Developing Geographies of Financialisation
20 July, 2008
This paper will appear later in 2008 as part of a special issue of Contemporary Politics.
As of 02.10.08, the published version is available here for free download.
The paper explores flows of international remittances through the lens of the financialisation literature and identifies new ‘developing geographies of financialisation’. It argues that there are two key types of financialisation (i) an intermediated version, via the expansion of retail finance on the back of remittance flows, and (ii) a disintermediated version, via the securitisation of remittance flows. The article also identifies the need to appropriate what were previously private and informal flows and bring them into the ‘global development architecture’. This is done so under the premise of a crisis of development financing.

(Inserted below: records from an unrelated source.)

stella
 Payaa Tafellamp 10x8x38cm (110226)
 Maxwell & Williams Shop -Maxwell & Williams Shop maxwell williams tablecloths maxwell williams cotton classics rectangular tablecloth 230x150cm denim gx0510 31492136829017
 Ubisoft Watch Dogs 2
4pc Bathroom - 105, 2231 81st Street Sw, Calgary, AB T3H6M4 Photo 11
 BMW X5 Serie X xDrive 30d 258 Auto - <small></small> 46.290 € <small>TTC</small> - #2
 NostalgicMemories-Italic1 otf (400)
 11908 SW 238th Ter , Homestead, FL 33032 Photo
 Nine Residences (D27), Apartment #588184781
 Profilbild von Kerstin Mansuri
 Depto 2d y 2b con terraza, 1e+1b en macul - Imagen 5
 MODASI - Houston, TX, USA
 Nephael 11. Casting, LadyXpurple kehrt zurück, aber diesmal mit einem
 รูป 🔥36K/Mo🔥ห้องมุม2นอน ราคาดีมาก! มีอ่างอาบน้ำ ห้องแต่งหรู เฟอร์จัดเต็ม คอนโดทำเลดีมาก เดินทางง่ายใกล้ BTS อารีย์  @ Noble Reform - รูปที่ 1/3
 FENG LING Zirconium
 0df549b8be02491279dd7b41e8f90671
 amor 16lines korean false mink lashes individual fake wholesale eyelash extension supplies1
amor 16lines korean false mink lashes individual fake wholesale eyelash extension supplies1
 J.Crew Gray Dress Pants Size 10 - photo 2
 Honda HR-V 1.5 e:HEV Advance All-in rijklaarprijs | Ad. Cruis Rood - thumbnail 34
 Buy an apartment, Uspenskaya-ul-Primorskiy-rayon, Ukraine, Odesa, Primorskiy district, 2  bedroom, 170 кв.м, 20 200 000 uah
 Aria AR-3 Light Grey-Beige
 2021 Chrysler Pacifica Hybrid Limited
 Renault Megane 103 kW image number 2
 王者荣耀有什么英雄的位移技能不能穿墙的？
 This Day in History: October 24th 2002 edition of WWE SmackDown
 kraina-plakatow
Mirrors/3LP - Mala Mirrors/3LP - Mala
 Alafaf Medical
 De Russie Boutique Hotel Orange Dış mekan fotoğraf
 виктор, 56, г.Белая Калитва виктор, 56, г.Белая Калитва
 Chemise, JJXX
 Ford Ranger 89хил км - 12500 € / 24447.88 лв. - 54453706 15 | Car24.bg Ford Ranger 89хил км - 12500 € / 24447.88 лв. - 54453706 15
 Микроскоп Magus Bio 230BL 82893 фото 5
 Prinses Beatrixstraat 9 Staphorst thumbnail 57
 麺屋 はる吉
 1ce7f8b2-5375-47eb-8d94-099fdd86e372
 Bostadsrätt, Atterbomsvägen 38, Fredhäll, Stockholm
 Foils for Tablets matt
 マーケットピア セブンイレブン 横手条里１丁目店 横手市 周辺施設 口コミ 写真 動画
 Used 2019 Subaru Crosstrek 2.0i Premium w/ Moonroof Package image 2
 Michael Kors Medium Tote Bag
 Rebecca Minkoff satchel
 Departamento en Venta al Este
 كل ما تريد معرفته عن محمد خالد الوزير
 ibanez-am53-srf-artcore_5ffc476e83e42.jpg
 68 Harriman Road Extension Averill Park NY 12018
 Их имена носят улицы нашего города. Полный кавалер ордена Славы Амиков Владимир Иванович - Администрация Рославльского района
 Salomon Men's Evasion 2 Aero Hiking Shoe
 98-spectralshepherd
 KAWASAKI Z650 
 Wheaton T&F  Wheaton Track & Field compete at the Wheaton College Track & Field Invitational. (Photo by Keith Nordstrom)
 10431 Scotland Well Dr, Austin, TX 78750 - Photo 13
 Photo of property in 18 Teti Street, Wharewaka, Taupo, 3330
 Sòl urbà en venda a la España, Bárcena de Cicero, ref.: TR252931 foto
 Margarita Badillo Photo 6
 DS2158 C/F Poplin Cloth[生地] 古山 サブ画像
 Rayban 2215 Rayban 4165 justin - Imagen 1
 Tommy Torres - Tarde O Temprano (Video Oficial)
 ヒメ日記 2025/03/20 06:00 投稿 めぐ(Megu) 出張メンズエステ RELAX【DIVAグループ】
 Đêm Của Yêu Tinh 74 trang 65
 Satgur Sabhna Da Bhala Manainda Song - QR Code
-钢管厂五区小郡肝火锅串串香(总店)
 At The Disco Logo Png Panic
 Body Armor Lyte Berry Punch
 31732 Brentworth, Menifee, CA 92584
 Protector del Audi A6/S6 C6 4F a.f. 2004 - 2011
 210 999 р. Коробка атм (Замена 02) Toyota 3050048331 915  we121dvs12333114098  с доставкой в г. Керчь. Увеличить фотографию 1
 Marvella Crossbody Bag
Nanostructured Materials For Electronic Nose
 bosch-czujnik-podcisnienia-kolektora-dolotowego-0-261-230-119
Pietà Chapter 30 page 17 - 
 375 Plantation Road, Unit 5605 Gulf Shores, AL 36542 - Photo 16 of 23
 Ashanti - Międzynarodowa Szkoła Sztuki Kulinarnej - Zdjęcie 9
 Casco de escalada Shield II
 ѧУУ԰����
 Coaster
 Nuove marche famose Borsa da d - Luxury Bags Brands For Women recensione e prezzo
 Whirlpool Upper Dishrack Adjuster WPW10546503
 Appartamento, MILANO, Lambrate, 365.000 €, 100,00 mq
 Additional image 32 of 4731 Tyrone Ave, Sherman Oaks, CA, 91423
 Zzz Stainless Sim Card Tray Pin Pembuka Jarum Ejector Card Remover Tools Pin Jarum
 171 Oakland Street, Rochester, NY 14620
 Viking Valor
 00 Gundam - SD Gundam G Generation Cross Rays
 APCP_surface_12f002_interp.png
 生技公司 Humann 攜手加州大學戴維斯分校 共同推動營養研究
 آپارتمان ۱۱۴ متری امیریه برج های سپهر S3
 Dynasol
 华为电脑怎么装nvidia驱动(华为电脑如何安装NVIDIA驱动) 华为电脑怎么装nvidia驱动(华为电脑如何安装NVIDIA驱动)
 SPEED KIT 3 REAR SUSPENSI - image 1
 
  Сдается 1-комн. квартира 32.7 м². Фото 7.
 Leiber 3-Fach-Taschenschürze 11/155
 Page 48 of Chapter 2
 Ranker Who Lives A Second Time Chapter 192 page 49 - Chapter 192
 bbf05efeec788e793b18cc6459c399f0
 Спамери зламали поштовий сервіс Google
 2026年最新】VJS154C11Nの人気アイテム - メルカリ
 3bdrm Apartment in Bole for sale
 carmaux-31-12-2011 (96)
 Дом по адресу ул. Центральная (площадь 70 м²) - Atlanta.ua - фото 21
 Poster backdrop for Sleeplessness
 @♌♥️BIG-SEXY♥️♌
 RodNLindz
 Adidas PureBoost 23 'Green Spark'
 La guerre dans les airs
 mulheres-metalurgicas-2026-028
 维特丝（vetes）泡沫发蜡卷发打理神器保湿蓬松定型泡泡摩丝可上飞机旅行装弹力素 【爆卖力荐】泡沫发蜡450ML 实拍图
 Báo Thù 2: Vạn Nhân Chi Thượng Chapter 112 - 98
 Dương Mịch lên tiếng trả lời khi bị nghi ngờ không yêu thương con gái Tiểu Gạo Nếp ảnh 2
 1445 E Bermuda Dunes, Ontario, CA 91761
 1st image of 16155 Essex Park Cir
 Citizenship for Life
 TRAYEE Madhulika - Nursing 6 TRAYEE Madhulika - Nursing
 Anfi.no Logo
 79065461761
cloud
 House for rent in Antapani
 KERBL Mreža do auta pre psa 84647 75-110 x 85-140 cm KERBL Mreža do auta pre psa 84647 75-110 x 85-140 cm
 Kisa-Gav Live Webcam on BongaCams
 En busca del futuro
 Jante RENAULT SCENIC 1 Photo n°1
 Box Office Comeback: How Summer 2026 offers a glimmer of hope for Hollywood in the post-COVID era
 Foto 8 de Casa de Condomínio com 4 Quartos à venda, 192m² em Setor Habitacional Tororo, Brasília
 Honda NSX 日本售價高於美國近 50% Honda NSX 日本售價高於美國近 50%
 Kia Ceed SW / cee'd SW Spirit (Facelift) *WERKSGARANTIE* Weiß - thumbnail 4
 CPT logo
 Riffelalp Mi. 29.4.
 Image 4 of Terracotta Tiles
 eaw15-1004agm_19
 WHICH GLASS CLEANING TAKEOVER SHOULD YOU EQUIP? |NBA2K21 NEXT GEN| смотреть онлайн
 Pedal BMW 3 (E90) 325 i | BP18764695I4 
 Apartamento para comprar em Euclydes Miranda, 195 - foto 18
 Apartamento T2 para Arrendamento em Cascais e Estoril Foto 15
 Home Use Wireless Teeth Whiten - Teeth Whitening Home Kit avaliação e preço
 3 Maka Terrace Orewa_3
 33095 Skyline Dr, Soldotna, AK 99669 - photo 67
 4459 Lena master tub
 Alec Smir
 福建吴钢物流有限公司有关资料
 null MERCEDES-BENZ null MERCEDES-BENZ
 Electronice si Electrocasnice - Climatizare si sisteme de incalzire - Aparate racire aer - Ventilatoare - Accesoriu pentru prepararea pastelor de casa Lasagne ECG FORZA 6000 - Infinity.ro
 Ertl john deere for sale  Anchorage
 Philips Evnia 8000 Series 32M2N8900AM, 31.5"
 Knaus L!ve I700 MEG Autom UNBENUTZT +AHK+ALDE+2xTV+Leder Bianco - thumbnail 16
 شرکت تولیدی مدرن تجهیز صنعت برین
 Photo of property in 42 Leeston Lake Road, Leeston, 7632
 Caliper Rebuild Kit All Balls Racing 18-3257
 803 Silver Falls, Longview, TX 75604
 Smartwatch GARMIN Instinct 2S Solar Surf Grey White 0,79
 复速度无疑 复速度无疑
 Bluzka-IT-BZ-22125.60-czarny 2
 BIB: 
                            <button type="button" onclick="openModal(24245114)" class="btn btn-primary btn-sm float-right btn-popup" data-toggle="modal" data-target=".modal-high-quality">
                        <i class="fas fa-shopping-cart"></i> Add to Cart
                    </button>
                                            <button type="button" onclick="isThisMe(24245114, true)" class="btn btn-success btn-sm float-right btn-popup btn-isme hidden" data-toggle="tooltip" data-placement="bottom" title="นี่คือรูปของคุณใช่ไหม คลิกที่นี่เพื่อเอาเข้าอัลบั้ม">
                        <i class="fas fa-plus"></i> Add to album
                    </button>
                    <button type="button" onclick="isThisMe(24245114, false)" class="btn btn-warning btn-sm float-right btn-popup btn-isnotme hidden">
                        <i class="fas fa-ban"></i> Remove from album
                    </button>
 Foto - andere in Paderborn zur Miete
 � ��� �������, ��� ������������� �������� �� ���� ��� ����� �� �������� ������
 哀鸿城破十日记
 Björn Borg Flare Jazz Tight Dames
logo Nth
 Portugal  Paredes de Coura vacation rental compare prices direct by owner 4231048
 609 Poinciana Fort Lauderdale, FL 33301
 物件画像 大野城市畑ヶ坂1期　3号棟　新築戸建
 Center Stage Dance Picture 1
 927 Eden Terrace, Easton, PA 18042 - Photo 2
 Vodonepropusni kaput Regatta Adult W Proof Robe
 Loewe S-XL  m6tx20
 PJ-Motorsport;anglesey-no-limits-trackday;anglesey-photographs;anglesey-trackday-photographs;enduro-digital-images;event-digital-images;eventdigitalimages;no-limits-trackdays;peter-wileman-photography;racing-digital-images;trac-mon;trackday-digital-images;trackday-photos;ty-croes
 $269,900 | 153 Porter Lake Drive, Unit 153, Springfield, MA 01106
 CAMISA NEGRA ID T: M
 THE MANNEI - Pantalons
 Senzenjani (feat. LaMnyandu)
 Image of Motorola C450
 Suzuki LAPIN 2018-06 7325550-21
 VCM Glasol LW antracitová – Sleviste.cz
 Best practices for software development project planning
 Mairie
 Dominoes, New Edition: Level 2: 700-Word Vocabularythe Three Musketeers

‘The Righteous Considereth the Cause of the Poor?’ – Public Attitudes Towards Poverty in Developing Countries
1 July, 2008
This is a recent paper that Jennifer van Heerde and I wrote on public attitudes to poverty. Click here to download the pdf of the October 2008 version of the paper.
The paper uses the raw data from the UK Department for International Development’s annual survey into UK public attitudes towards poverty in the developing world. We find that individual level concern for poverty is affected by whether people see poverty as something which impacts upon them or not – those with self-interested attitudes tend to be less concerned about poverty. This is important because (1) it suggests that material interests are not a good basis for building support for UK development policy, and (2) DFID and the OECD are looking to harness self-interested attitudes in building this support. There is also a content analysis of 6 UK newspapers based on the questions from the survey.
This version of the paper is the latest (October 2008) and has been revised and resubmitted to Political Studies in the light of the referees’ comments. It is hopefully the first in a number of papers that we are preparing on this topic. Comments are very welcome!